La Laine, la Dhuys, le ru des Vignes
Il n’y a pas de gondoles sur les deux bras de la Laine ainsi que sur le ru des vignes mais à l’instar de Venise, c’est parfois l’ « acqua alta » nous dit-on. C’est le ru des Vignes, le faiseur d’inondations du village, montées d’eau de ruissellement parfois impressionnantes selon quelques clichés aperçus. Le débit de la Laine qui encadre de deux bras le village en aval de la Dhuys, résurgence d’eau en provenance du plateau de Langres est maîtrisée par des Vannes au niveau du moulin. Nous aurons des explications sur l’origine géologique de cette eau expulsée de galeries et de failles souterraines aux confins de la Champagne humide où se disputent l’argile et le calcaire.
La maison aux écailles
C’est le lieu d’accueil et de départ de la visite. Elle tire son nom des lamelles de bois qui recouvrent la façade. Son halloy, premier étage surplombant le rez-de-chaussée lui vaut son inscription aux monuments historiques.

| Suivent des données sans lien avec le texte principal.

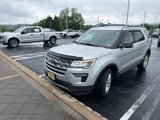 Used 2018 Ford Explorer XLT image 3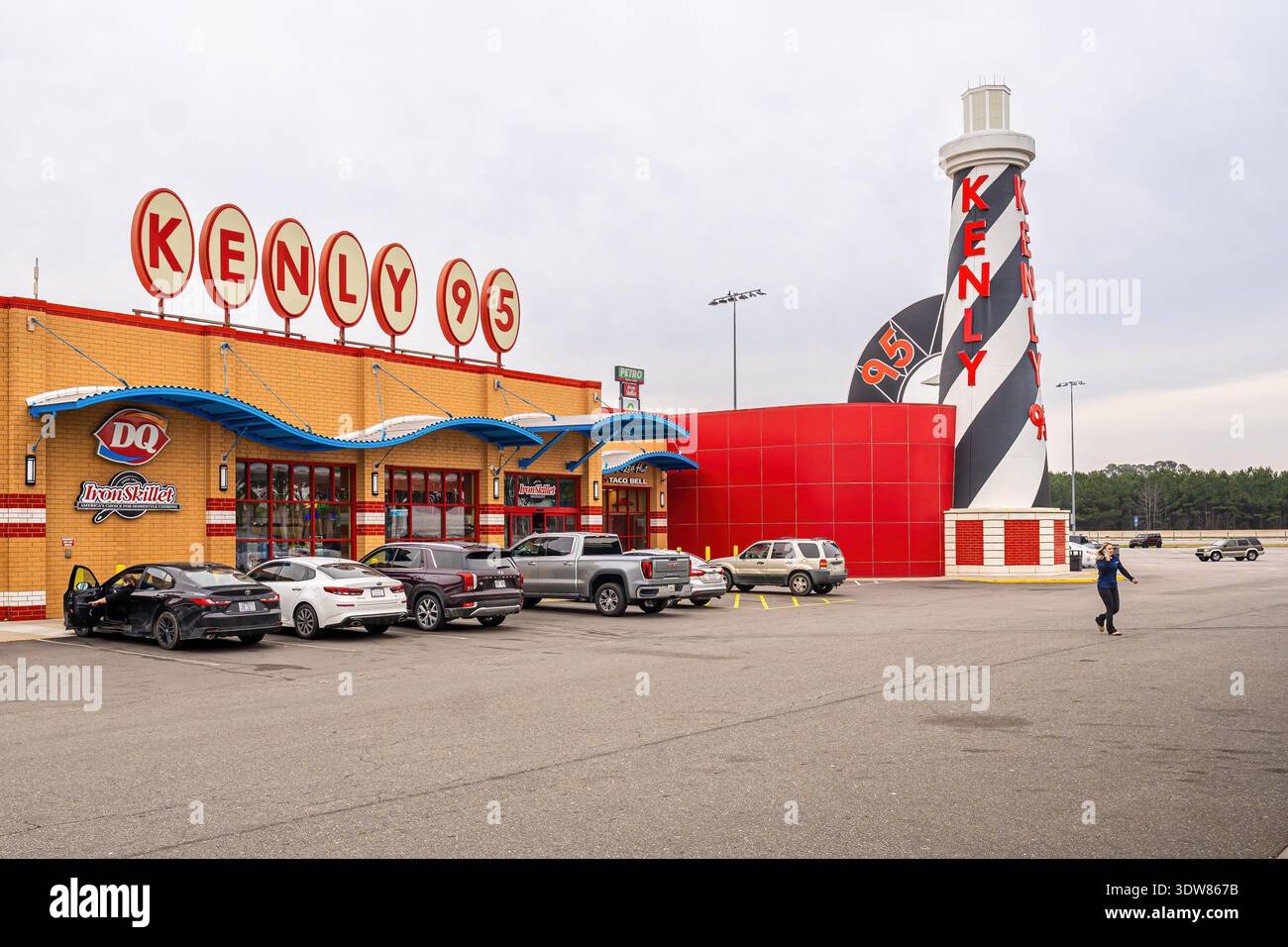 Vista dall'esterno della fermata e del Travel center Kenly 95 di Kenly, North Carolina. Il complesso lungo la strada dell'Interstate 95 include ristoranti. Foto Stock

Il constituait un abri et un moyen de payer moins de taxes.

En sortant de la maison aux écailles, on passe le pont Henri IV, clé de voûte marquée 1607 côté amont et l’on observe la canalisation de la Laine parfois échancrée de passages destinés au lavage du linge. Un autre aménagement en pente douce de la rive permettait le passage des chevaux des gendarmes rentrant dans leur bâtiment qui se trouvait de l’autre côté de la rue.

La mairie, bâtiment dont la construction en briques marque la richesse de son ancien propriétaire qui en fit don à la commune après sans doute des négociations ardues où il a sans doute été question de droit de « vaine pâture » ou de « droit de glandage » jouxte l’ancienne prison. On ne peut pas se douter de la destination de ce bâtiment magnifiquement rénové si ce n’est par la rareté et l’étroitesse de certaines fenêtres. Entre ces deux bâtiments existait autrefois un restaurant.

Nous avançons le long de la mairie pour découvrir deux maisons remarquables à pans de bois champenois. L’une d’elle propose également son halloy tandis que l’autre, nous dit-on, renferme une fresque classée du XVI ème découverte lors de travaux de restauration par ses propriétaires. Les bardeaux recouvrant les façades sont-ils en bois de châtaignier ou d’acacia ? Cette question ne se pose plus que de manière anecdotique. Un passage qui se remarque à peine nous conduit dans les jardins potagers d’origine médiévale, parcelles entourées de murets tuilés protégeant du vent et du gel et se délimitant entre des sentiers étroits et pittoresques. Il n’y a encore pas de légumes à recenser… Nous débouchons sur un pigeonnier qui a la particularité d’y avoir fait cohabiter des poules en rez-de-chaussée.

La Chapelle Saint Jean
Admirable tant à l’extérieur qu’à l’intérieur. Elle s’inscrivait autrefois dans un ensemble qui comprenait une maladrerie et une léproserie. Elle est la plus petite des églises à pans de bois de la région.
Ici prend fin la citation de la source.